_What is being asked_.
Among the lines below, the one containing "After you have" opens the range and the one containing "If you want" closes it. Print that range exactly, without the pictures.

_Extracted entries_.
____

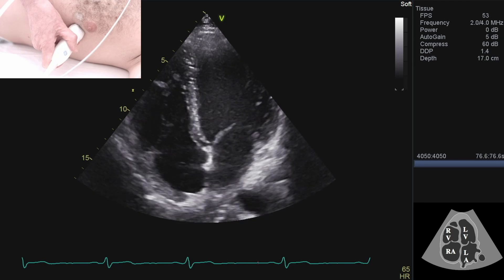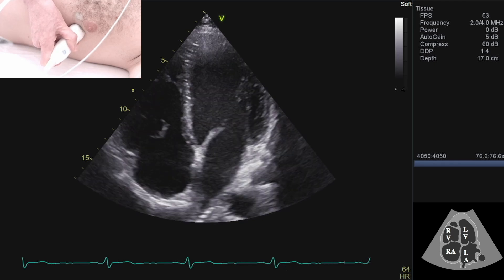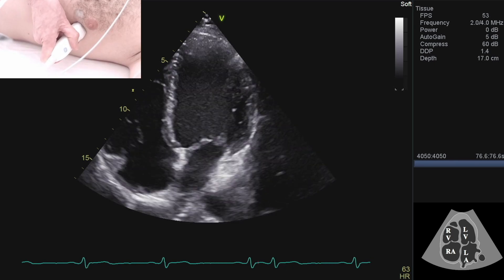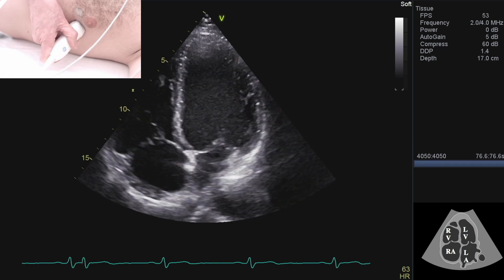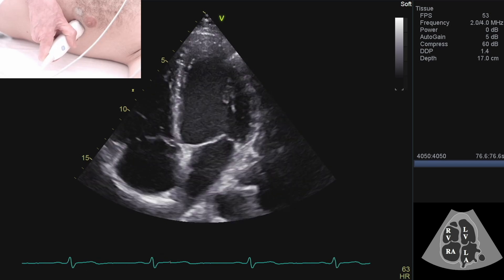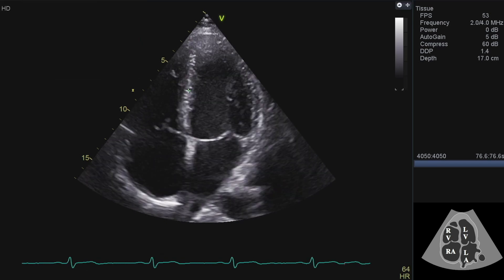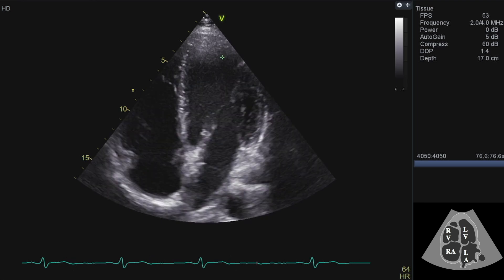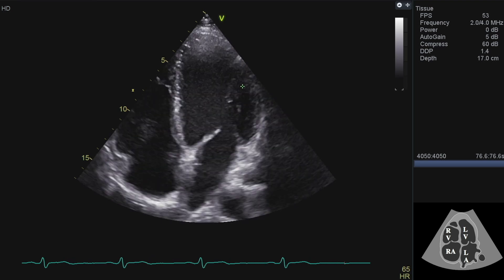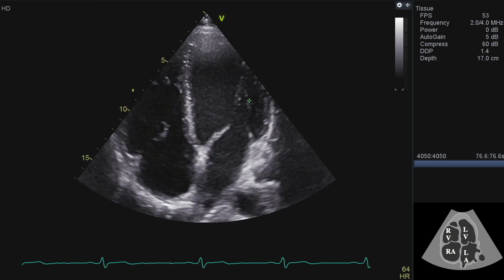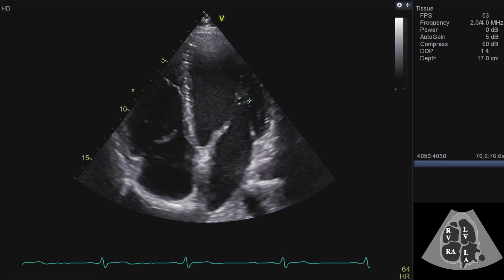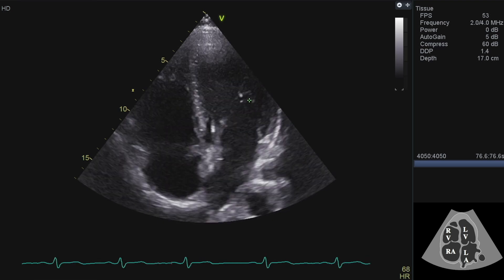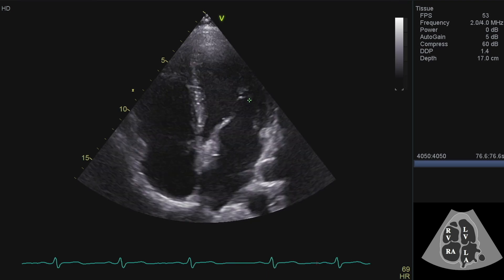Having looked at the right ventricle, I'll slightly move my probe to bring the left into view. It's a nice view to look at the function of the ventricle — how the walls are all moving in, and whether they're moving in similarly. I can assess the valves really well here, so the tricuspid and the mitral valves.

____

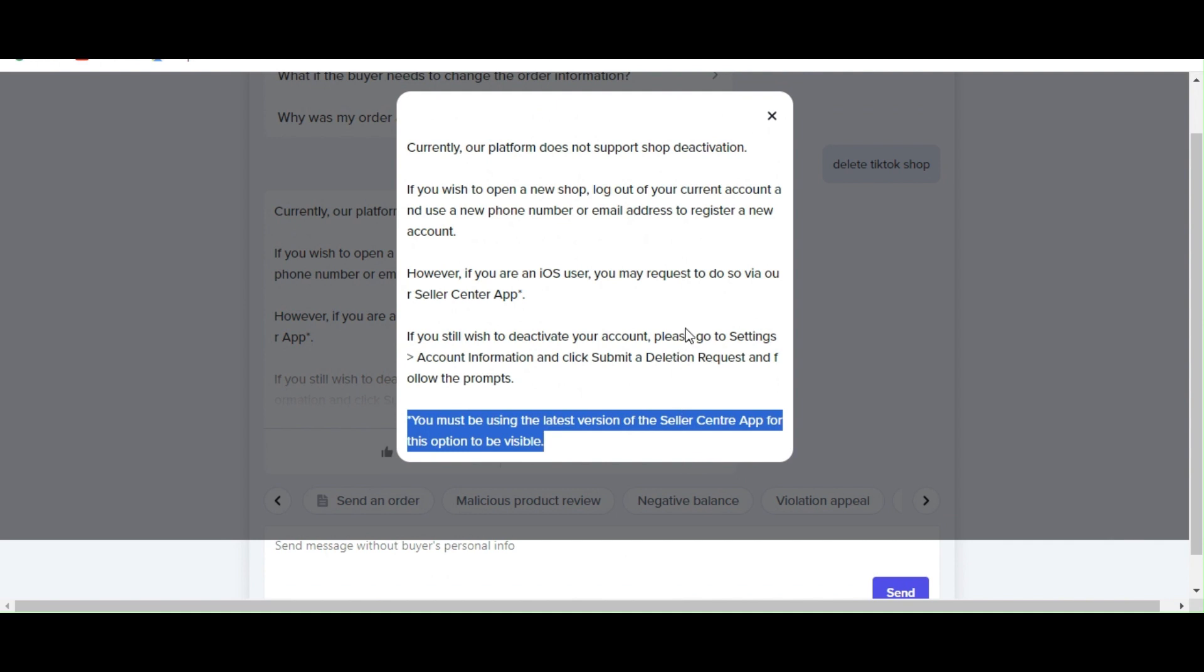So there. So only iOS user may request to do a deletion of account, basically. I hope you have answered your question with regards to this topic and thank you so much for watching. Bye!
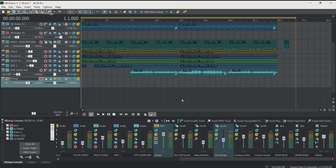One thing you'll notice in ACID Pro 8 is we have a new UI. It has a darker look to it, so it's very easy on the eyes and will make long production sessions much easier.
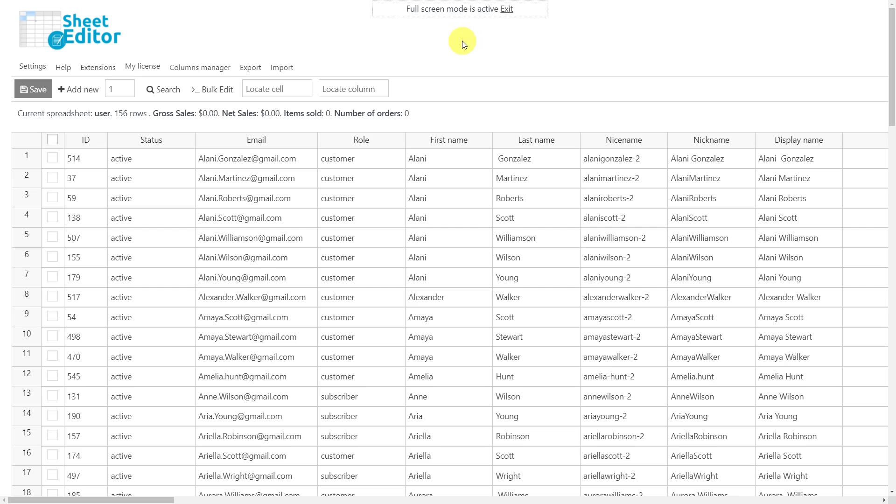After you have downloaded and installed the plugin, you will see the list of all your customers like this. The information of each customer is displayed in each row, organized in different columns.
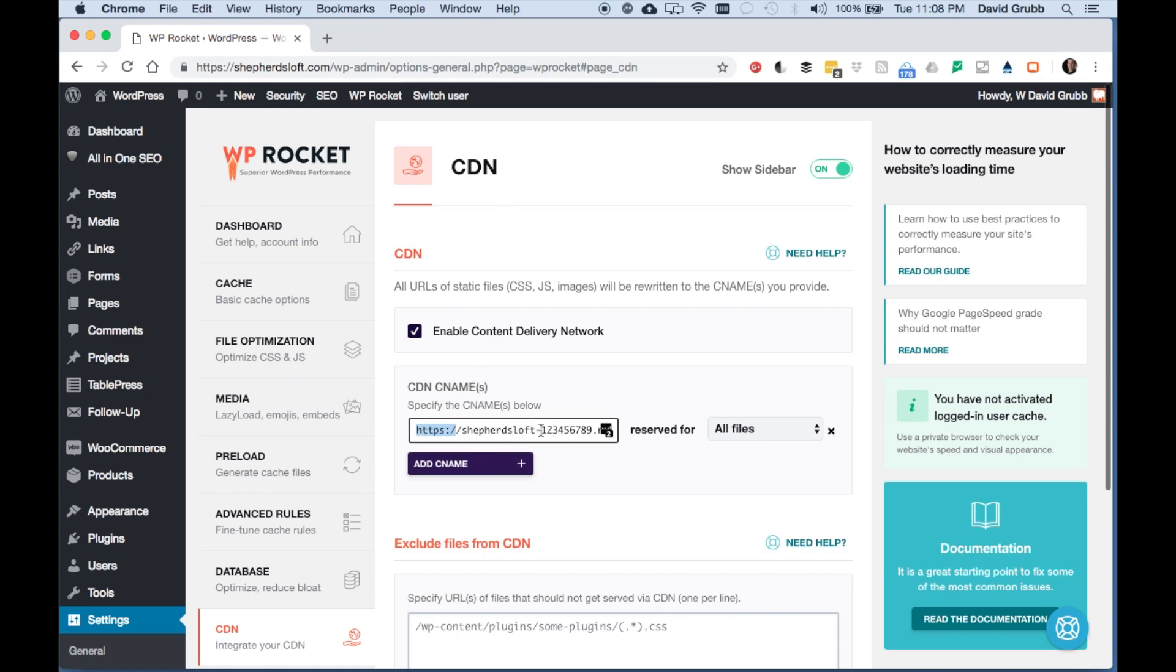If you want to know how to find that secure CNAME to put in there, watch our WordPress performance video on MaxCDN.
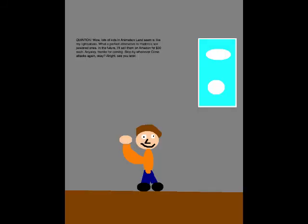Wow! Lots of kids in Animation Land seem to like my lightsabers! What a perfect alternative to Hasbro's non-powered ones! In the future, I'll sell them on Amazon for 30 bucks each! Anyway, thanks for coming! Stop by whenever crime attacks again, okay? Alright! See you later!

____

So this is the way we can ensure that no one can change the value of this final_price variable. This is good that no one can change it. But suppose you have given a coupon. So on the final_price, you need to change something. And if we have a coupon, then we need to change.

____

_Answer area_.
After you have downloaded and installed the plugin, you will see the list of all your customers like this. The information of each customer is displayed in each row, organized in different columns.
If you want to know how to find that secure CNAME to put in there, watch our WordPress performance video on MaxCDN.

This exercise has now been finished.